- THE PROBLEM
Each line of the data is to be output verbatim, with the images removed.

- DATA SECTION
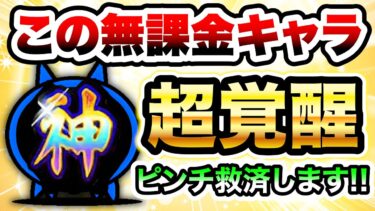 【奇跡】この無課金キャラの超覚醒キターーーー！！！！　にゃんこ大戦争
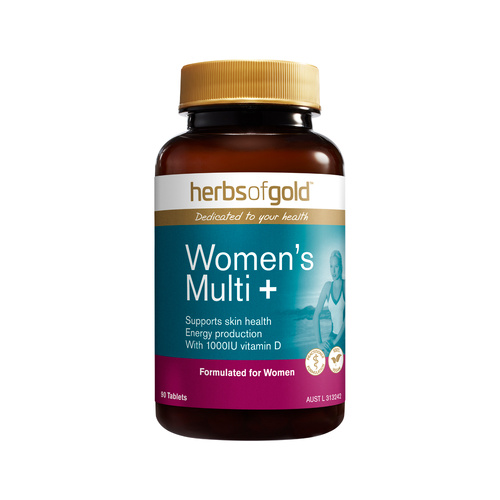 Herbs of Gold Womens Multi+ 90 Tablets
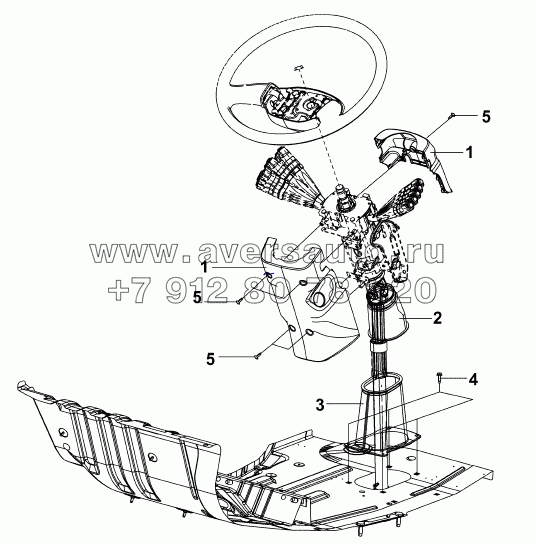 5104B-C0100 Облицовка рулевой колонки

- EXERCISE RESPONSE
 【奇跡】この無課金キャラの超覚醒キターーーー！！！！　にゃんこ大戦争
 Herbs of Gold Womens Multi+ 90 Tablets
 5104B-C0100 Облицовка рулевой колонки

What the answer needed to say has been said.